= Group strategyproofness =

Group strategyproofness (GSP), also called coalitional strategyproofness, is a property of mechanisms and voting rules in social choice theory and mechanism design. A mechanism is group-strategyproof if no coalition of agents can all gain by jointly misreporting their private information: there is no group of agents and no joint deviation from truthful reporting that makes at least one member of the group strictly better off without making any other member of the group worse off. It is a strengthening of ordinary strategyproofness (also called individual strategyproofness, or SP), which only requires that no single agent can gain by misreporting. It also strengthens Pareto efficiency, which only requires that the set of all agents cannot gain by misreporting.

Group strategyproofness is desirable because individual strategyproofness alone does not protect a mechanism against coordinated behaviour. Even when no agent can profit by lying on their own, a group of agents who communicate and coordinate may be able to manipulate the outcome to their mutual advantage.
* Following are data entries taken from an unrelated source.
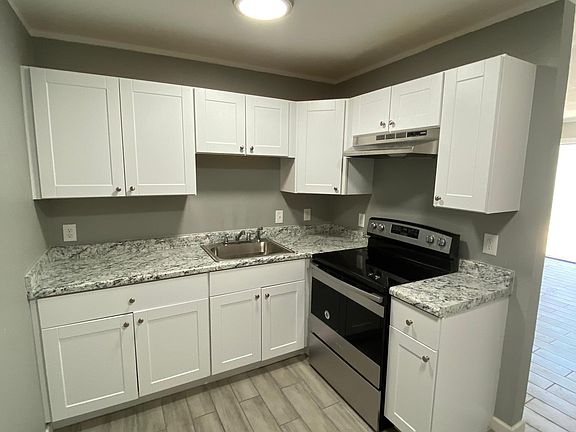 5th image of 4512 N Black Canyon Hwy #8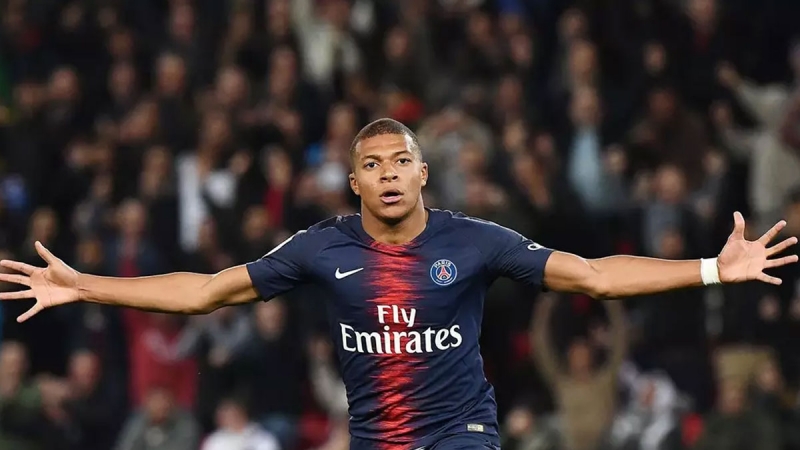 Futbol dünyasının en değerlisi Mbappe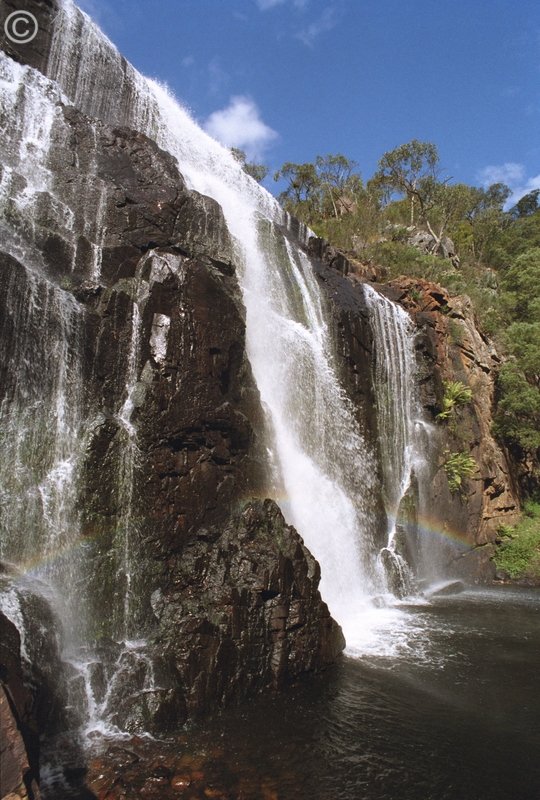 Mc. Kensey Falls  mit Regenbogeneffekt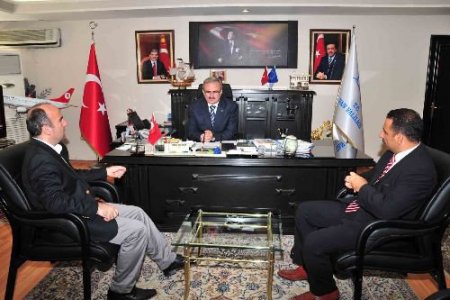 Van Valisi Karaloğlu: Medyanın Referandum Sonuçlarını Cihan'dan Öğrenmesi Önemli Bir Başarı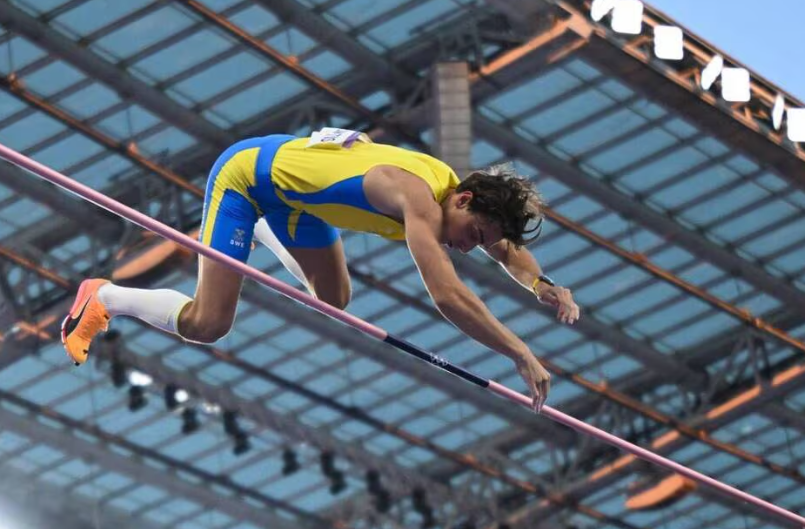 Athlétisme: Duplantis porte son record du monde du saut à la perche à 6,25 m aux JO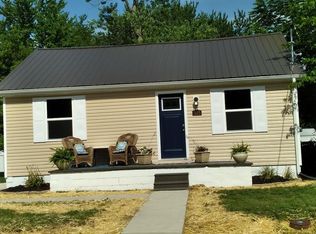 505 N 8th St, Boonville, IN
Mechanisms that are merely individually strategyproof can therefore be vulnerable in settings where collusion is plausible, while group-strategyproof mechanisms are robust to such joint deviations.

Because every individual is a coalition of size one, group strategyproofness implies individual strategyproofness, but the converse does not hold in general. A central theme in the literature is identifying the conditions—on the domain of admissible preferences, or on the mechanism itself—under which the two properties coincide.

== Formal definition ==

Let $N = \{1, \ldots, n\}$ be a set of agents, let $A$ be a set of possible outcomes (or alternatives), and let each agent $i$ have a preference $P_i$ drawn from an admissible domain of preferences. A mechanism (or social choice function) is a map $f$ that assigns to every profile of reported preferences $(P_1, \ldots, P_n)$ an outcome $f(P_1, \ldots, P_n) \in A$.

A mechanism $f$ is individually strategyproof if for every agent $i$, every profile $(P_1, \ldots, P_n)$, and every alternative report $P_i'$, agent $i$ does not strictly prefer the outcome obtained by reporting $P_i'$ to the outcome obtained by reporting truthfully (holding the reports of the other agents fixed).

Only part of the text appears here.